> **WORK TASK**
Exact copy, no pictures: return all the data below as written.

> **DATASET RECORDS**
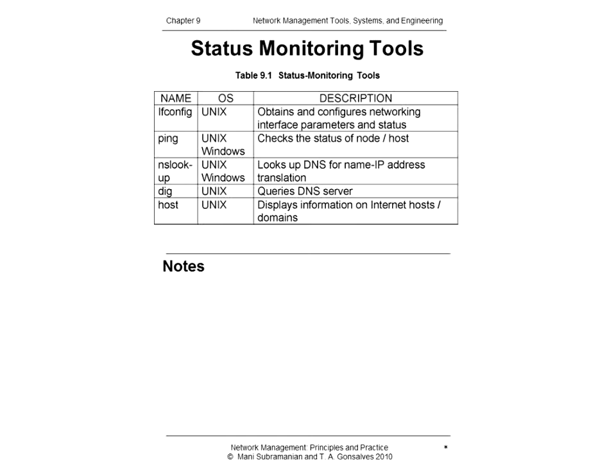Ping is based on ICMP echo request messages and is available in both Unix and Microsoft Windows operating systems. Pinging a remote IP address verifies that the destination node and intermediate nodes have live connectivity and provides the round-trip delay time. By pinging multiple times, we can obtain the average time delay as well as percentage loss of packets, which is a measure of throughput. Throughput is the number of jobs executed per unit time.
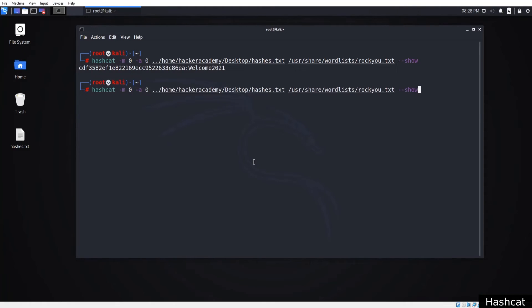Now I do need to tell you that the attack mode or hash type will vary from problem to problem. So you need to choose options suitable for the problem you face.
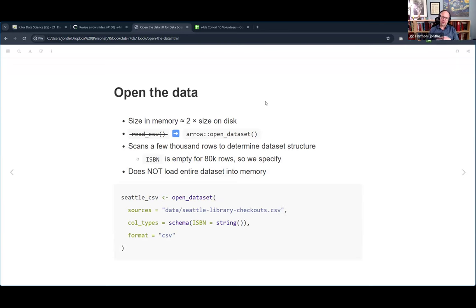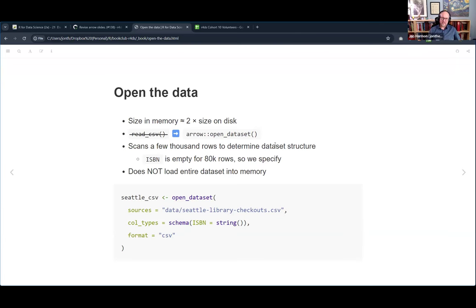There's a formula in the book: roughly speaking, the size in memory for a CSV is about twice whatever it is on disk - so a 10 megabyte file becomes about 20 megabytes in memory. A nine gigabyte file will take up a lot of memory. Instead of read_csv from readr, we can use arrow's open_dataset, which scans but doesn't actually load the data. It loads a representation. There's an ISBN field that's empty for 80,000 rows, so we need to tell arrow what type that column is.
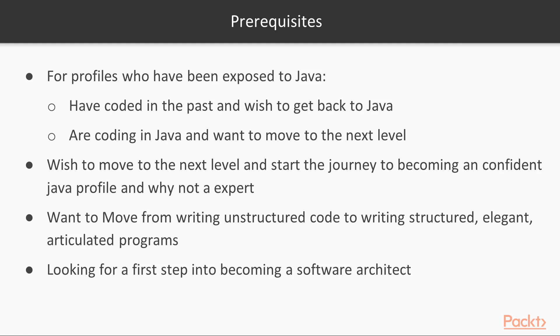Now, concerning the prerequisites for this course. This course is for you if you have previously coded in Java and you wish to go back to it. If you are actively coding in Java and you want to move to the next level. This course is about moving you to becoming a professional developer, a confident Java profile.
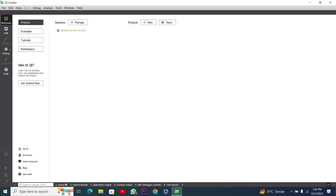Hello everyone, welcome to my YouTube channel. In this video I will create a text editor using the plain text widget in the Qt framework using C++ programming language. I have to create a new project.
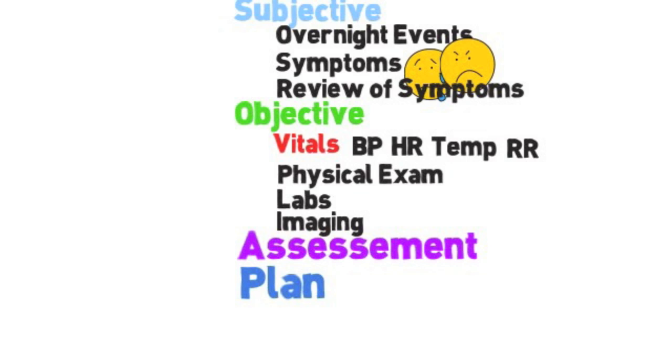If they had abdominal pain overnight subjectively, I'll put in the plan that I'm going to get a right upper quadrant ultrasound or CT. And then if objectively blood pressure was low last night, what am I going to do for hypotension? That may mean stop their blood pressure medications, give them IV fluids.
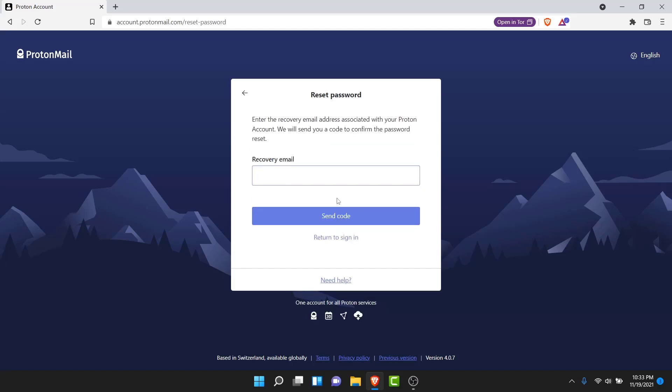Once you tap on the Next button, ProtonMail will ask you to enter the recovery email or the phone number that you used while creating your ProtonMail account. Go ahead and enter the recovery email or phone number in the text field.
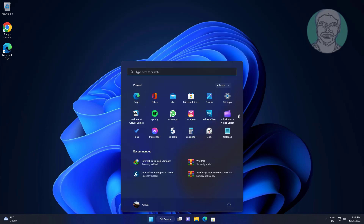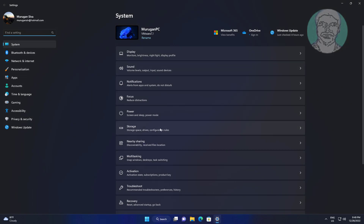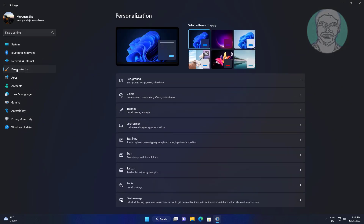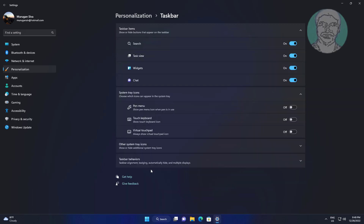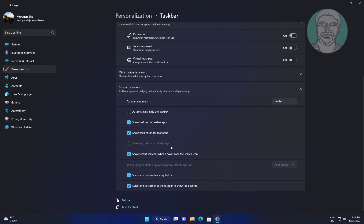Click Start, Settings, click Personalization. Click Taskbar, click Taskbar behaviors. Change taskbar alignment to left.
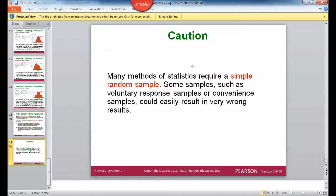Many methods of statistics require a simple random sample. Some samples, such as voluntary response samples or convenient samples, could easily result in very wrong results. If you're doing a study with a voluntary response sample, the things we've talked about may not apply because the only people who usually do voluntary response or convenience samples are people who are either bored or people who have something to complain about, generally. So just be careful when applying this to something like that.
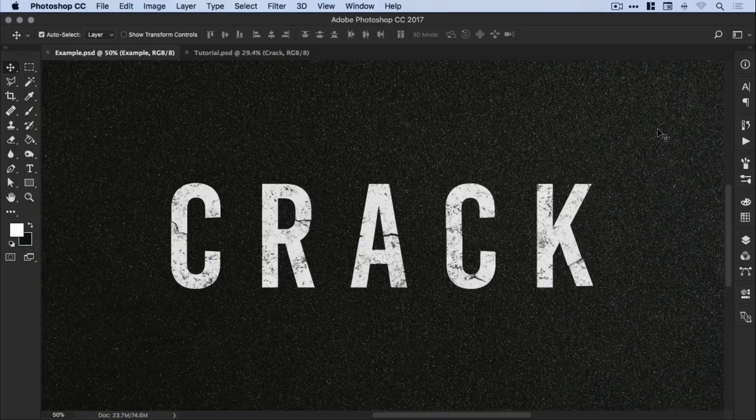Hello there, you're watching Dansky, the place to be to develop your creative skills. In this tutorial we're going to learn how to create a cracked text effect in Adobe Photoshop. So let's jump into it.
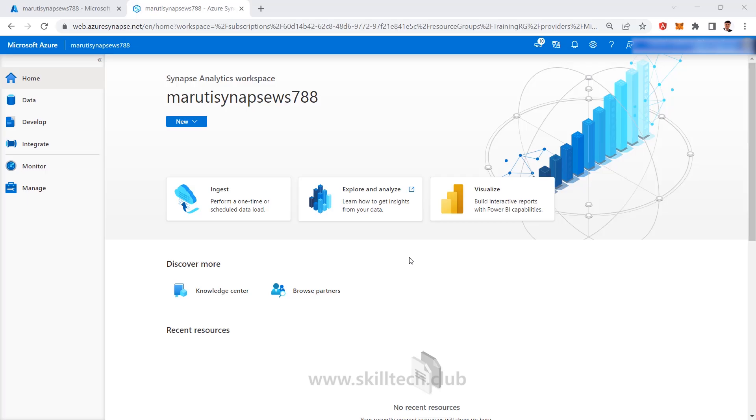Okay, now it's time to see the next part of Azure Synapse, and that is something which is known as Synapse Pipeline.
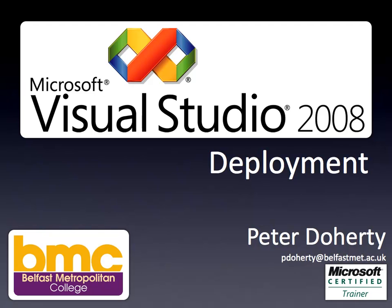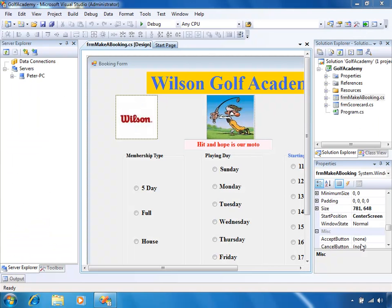I'm Peter Doherty from Belfast Metropolitan College and today we're going to go through deployment using Visual Studio 2008. We have a little sample application here which we're going to deploy — it's just a little Windows application with a couple of forms on it.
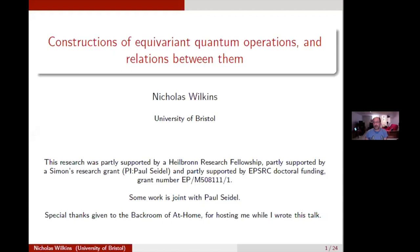It's great to have today Nick Wilkins from Bristol, and he's going to talk to us about constructions of equivalent quantum operations and the relations between them. Go ahead, Nick.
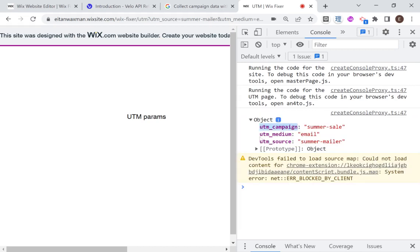And that is what we should see. If I open the console over here, you'll see that we got an object back and these are our queries. So we have UTM campaign, UTM medium and UTM source. Okay. And depending on what you call these queries, that is what you'll get back.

> **ANSWER SPACE**
Ping is based on ICMP echo request messages and is available in both Unix and Microsoft Windows operating systems. Pinging a remote IP address verifies that the destination node and intermediate nodes have live connectivity and provides the round-trip delay time. By pinging multiple times, we can obtain the average time delay as well as percentage loss of packets, which is a measure of throughput. Throughput is the number of jobs executed per unit time.
Now I do need to tell you that the attack mode or hash type will vary from problem to problem. So you need to choose options suitable for the problem you face.
There's a formula in the book: roughly speaking, the size in memory for a CSV is about twice whatever it is on disk - so a 10 megabyte file becomes about 20 megabytes in memory. A nine gigabyte file will take up a lot of memory. Instead of read_csv from readr, we can use arrow's open_dataset, which scans but doesn't actually load the data. It loads a representation. There's an ISBN field that's empty for 80,000 rows, so we need to tell arrow what type that column is.
Now, concerning the prerequisites for this course. This course is for you if you have previously coded in Java and you wish to go back to it. If you are actively coding in Java and you want to move to the next level. This course is about moving you to becoming a professional developer, a confident Java profile.
Hello everyone, welcome to my YouTube channel. In this video I will create a text editor using the plain text widget in the Qt framework using C++ programming language. I have to create a new project.
If they had abdominal pain overnight subjectively, I'll put in the plan that I'm going to get a right upper quadrant ultrasound or CT. And then if objectively blood pressure was low last night, what am I going to do for hypotension? That may mean stop their blood pressure medications, give them IV fluids.
Once you tap on the Next button, ProtonMail will ask you to enter the recovery email or the phone number that you used while creating your ProtonMail account. Go ahead and enter the recovery email or phone number in the text field.
Click Start, Settings, click Personalization. Click Taskbar, click Taskbar behaviors. Change taskbar alignment to left.
Many methods of statistics require a simple random sample. Some samples, such as voluntary response samples or convenient samples, could easily result in very wrong results. If you're doing a study with a voluntary response sample, the things we've talked about may not apply because the only people who usually do voluntary response or convenience samples are people who are either bored or people who have something to complain about, generally. So just be careful when applying this to something like that.
Hello there, you're watching Dansky, the place to be to develop your creative skills. In this tutorial we're going to learn how to create a cracked text effect in Adobe Photoshop. So let's jump into it.
Okay, now it's time to see the next part of Azure Synapse, and that is something which is known as Synapse Pipeline.
I'm Peter Doherty from Belfast Metropolitan College and today we're going to go through deployment using Visual Studio 2008. We have a little sample application here which we're going to deploy — it's just a little Windows application with a couple of forms on it.
It's great to have today Nick Wilkins from Bristol, and he's going to talk to us about constructions of equivalent quantum operations and the relations between them. Go ahead, Nick.
And that is what we should see. If I open the console over here, you'll see that we got an object back and these are our queries. So we have UTM campaign, UTM medium and UTM source. Okay. And depending on what you call these queries, that is what you'll get back.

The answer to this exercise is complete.